# Data Report: Analyzing the Relationship between Renewable Energy Adoption, CO2 Emissions, and Economic Growth in Germany, Sweden, and Bulgaria (2000–2021)

## Main Question

How have GDP and the adoption of renewable energy sources (total energy generation, renewable energy generation, share of generation) influenced energy consumption and CO2 emissions in Germany, Norway, and Bulgaria from 2000 to 2021?

## Data Sources

To answer the question, two data sources have been selected for this project: [EMBER Climate](https://ember-climate.org/insights/research/european-electricity-review-2022/#supporting-material), which shows yearly information on european electricity, and [The World Bank](https://databank.worldbank.org/reports.aspx?source=2&type=metadata&series=NY.GDP.MKTP.CD), which shows the Gross Domestic Product (GDP US$) from all countries. 

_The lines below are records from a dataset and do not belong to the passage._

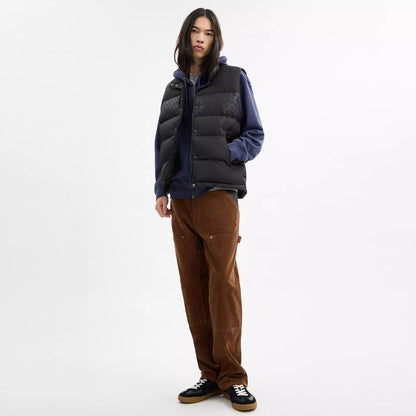 reversible colorblock down vest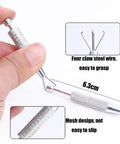 Close-up of Piercing Ball Grabber Reacher Tool For Easy Jewelry Swap, Pro Grade Stainless Steel Flat Back Earrings Applicator, Threadless Insertion Pin, Four Claw Holder Design, Works Great For Ear Nose Lip Piercings, Safe, Durable, Reusable, showing four-claw grip and mesh handle design, 6.3cm length.
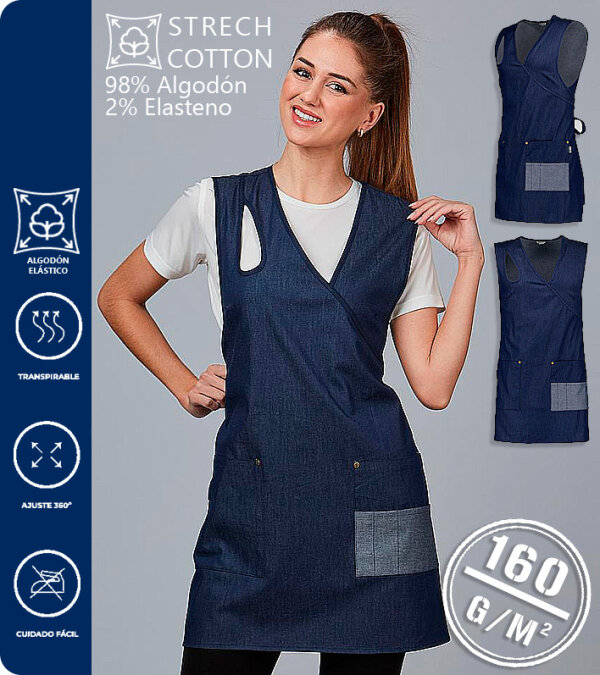 CASULLA MULTIBOLSILLOS TEJIDO TEJANO 98% ALGOD&Oacute;N 2% ELASTANO  160 Grms. GARYS NARCISO 200048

#### Data source 1: European Electricity Dataset
* **Metadata URL**: [European Electricity 2022](https://ember-climate.org/insights/research/european-electricity-review-2022/#supporting-material)
* **Data URL**: [European Electricity Raw Data](https://ember-climate.org/app/uploads/2022/02/EER_2022_raw_data.zip)
* **Data Type**: CSV Directory
* **Description**: The European Electricity Dataset from Ember provides a collection of datasets related to electricity generation, CO2 emissions, net import and demand across various countries in Europe. For this project, we will remove the net import dataset and focus on the other variables (generation, CO2 emissions and demand) to analyze the adoption of renewable energy sources for Germany, Sweden, and Bulgaria from 2000 to 2021.

* **Data Structure & Quality**: The dataset is structured as a CSV directory, with seperate files containing data for different variables in tabular format (CSV files). It reflects data from various reliable sources (e.g. EIA, Eurostat, ENTSO-E, SolarPower Europe), ensuring its accuracy to real-world condition. The dataset contains all necessary information required about electricity generation, emissions, and demand across multiple countries in Europe. It has consistency in its format across different variables, countries, and years. Furthermore, The data aligns with the needs of the project. No missing, duplicate or invalid information is found in the dataset either for the chosen countries and time periods. Additional filtering is applied in the preprocessing step to refine the dataset.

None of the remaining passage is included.